How is the First Amendment tested in the stories in this episode? What is at issue in the two Supreme Court cases that are highlighted? Why did the court rule as it did? What events and circumstances in the larger world encouraged the court to move in the direction of protecting religious minorities?
Why did some Protestants fear the prospect of a Catholic president? What did John F. Kennedy do to address their concerns, and what did he say to try to convince them otherwise? What relevance do you think the debates about religion in the 1960 presidential campaign have for politics today?
Analyze the moral vocabulary of Martin Luther King Jr. and the way he uses words such as freedom, righteousness, justice, and community. What meaning does he give them? What religious reasoning does he employ? How is his language different from the political discourse of the time?
"Throughout American history the main story we've gravitated toward has been the Exodus story," says Professor Stephen Prothero. What are the themes of the Exodus story, and where do you see them played out in the history of America and in the episodes of God in America?
A commitment to religiously rooted nonviolence was arguably the civil rights movement's most powerful tool for social reform. What became of nonviolent change after the death of Martin Luther King Jr., and why do nonviolent strategies seem to have disappeared?
The life, death and legacy of Martin Luther King Jr., says Andrew Young, "point to the fact that this is a religious universe." What do you think he means by this?
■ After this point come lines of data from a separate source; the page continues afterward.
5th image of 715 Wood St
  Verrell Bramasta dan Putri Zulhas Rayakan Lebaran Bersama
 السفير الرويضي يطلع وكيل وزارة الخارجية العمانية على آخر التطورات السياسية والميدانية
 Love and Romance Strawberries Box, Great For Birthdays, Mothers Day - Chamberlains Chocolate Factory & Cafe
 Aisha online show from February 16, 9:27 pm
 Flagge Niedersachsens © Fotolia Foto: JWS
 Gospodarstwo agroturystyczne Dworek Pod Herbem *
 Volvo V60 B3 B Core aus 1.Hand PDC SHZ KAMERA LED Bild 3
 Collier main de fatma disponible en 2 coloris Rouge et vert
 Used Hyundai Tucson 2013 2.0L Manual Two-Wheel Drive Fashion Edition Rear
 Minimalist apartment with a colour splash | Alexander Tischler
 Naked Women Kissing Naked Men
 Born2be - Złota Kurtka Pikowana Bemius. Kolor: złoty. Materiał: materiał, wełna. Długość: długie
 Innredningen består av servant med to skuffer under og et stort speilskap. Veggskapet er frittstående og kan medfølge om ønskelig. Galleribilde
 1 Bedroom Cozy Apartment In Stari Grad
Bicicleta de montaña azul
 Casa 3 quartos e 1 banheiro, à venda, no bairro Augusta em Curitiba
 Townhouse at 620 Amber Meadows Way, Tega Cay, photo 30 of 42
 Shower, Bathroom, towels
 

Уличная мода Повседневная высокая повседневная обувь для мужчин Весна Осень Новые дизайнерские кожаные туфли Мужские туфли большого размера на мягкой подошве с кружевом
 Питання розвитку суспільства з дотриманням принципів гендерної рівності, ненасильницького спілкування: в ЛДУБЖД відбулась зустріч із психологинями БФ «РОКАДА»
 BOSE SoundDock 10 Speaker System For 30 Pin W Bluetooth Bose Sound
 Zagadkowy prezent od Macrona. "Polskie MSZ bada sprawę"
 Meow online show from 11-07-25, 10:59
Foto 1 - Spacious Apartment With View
What is he saying about the significance of religion for the civil rights movement? How did the civil rights movement demonstrate the public power of religion in America?
Why did conservative evangelicals reject political engagement for decades, and why did they re-enter politics?
What role do you see non-Christian religions and new immigrant faith communities playing in American politics and public life? What evidence of their involvement do you observe in your own community? How has the presence of Muslims, Latinos, and Hispanic Catholics in particular influenced the American religious and political landscape?
Has religion in America changed since 9/11? How?
Do you think America is a Christian nation? In the midst of great religious diversity how does the country find national unity?
Do you think there is a relationship between faith, citizenship, and a sense of political responsibility? How does religion guide your political choices or your thinking about social issues?
Do you see evidence of a "God gap" in American politics? What changes have there been in Democratic outreach to religious voters in the past few years?
Religion has always been central to the national narrative and to America's sense of mission at home and abroad. How important do you think it will remain to the American story? What religious directions do you imagine the American story might take in the years ahead?